Question

Show that the function \(f(x) = \log \sin x\) is increasing in the interval \((0, \frac{\pi}{2})\) and decreasing in \((\frac{\pi}{2}, \pi)\).

Hint:

The sign of the first derivative determines whether a function is increasing or decreasing. A helpful way to remember the signs of trigonometric functions is the "All Students Take Calculus" (ASTC) rule for quadrants I, II, III, and IV, respectively.

Answer 1

Step 1: Understanding the Concept:
To determine the intervals where a function is increasing or decreasing, we use the first derivative test.

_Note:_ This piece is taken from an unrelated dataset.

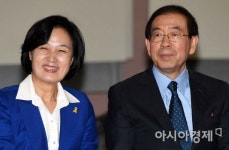 [포토]세월호 4주기 추모 간담회 찾은 추미애·박원순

A differentiable function \(f(x)\) is: - Increasing on an interval if its first derivative, \(f'(x)\), is positive (\(f'(x)>0\)) for all x in that interval. - Decreasing on an interval if its first derivative, \(f'(x)\), is negative (\(f'(x)<0\)) for all x in that interval.
Step 2: Key Formula or Approach:
1. Find the first derivative of the function, \(f'(x)\).
2. Determine the sign of \(f'(x)\) in the interval \((0, \frac{\pi}{2})\).
3. Determine the sign of \(f'(x)\) in the interval \((\frac{\pi}{2}, \pi)\).
4. Conclude whether the function is increasing or decreasing based on the sign of the derivative in each interval.
Step 3: Detailed Explanation:
The given function is \(f(x) = \log(\sin x)\). The domain of this function requires \(\sin x>0\), which is true for \(x \in (0, \pi)\).
1. Find the first derivative, \(f'(x)\):
Using the chain rule, \(\frac{d}{dx}(\log u) = \frac{1}{u} \cdot \frac{du}{dx}\). \[ f'(x) = \frac{d}{dx}(\log(\sin x)) = \frac{1}{\sin x} \cdot \frac{d}{dx}(\sin x) \] \[ f'(x) = \frac{1}{\sin x} \cdot \cos x = \frac{\cos x}{\sin x} = \cot x \] 2. Analyze the sign of \(f'(x)\) in \((0, \frac{\pi}{2})\):
The interval \((0, \frac{\pi}{2})\) corresponds to the first quadrant.
In the first quadrant, both \(\sin x\) and \(\cos x\) are positive.
Therefore, \(f'(x) = \cot x = \frac{\cos x}{\sin x}\) is positive for all \(x \in (0, \frac{\pi}{2})\).
Since \(f'(x)>0\), the function \(f(x)\) is increasing in the interval \((0, \frac{\pi}{2})\).
3. Analyze the sign of \(f'(x)\) in \((\frac{\pi}{2}, \pi)\):
The interval \((\frac{\pi}{2}, \pi)\) corresponds to the second quadrant.
In the second quadrant, \(\sin x\) is positive, but \(\cos x\) is negative.
Therefore, \(f'(x) = \cot x = \frac{\cos x}{\sin x} = \frac{\text{negative}}{\text{positive}}\) is negative for all \(x \in (\frac{\pi}{2}, \pi)\).
Since \(f'(x)<0\), the function \(f(x)\) is decreasing in the interval \((\frac{\pi}{2}, \pi)\).
Step 4: Final Answer:
We have shown that \(f'(x)>0\) in \((0, \frac{\pi}{2})\) and \(f'(x)<0\) in \((\frac{\pi}{2}, \pi)\). Therefore, the function \(f(x) = \log \sin x\) is increasing in the first interval and decreasing in the second.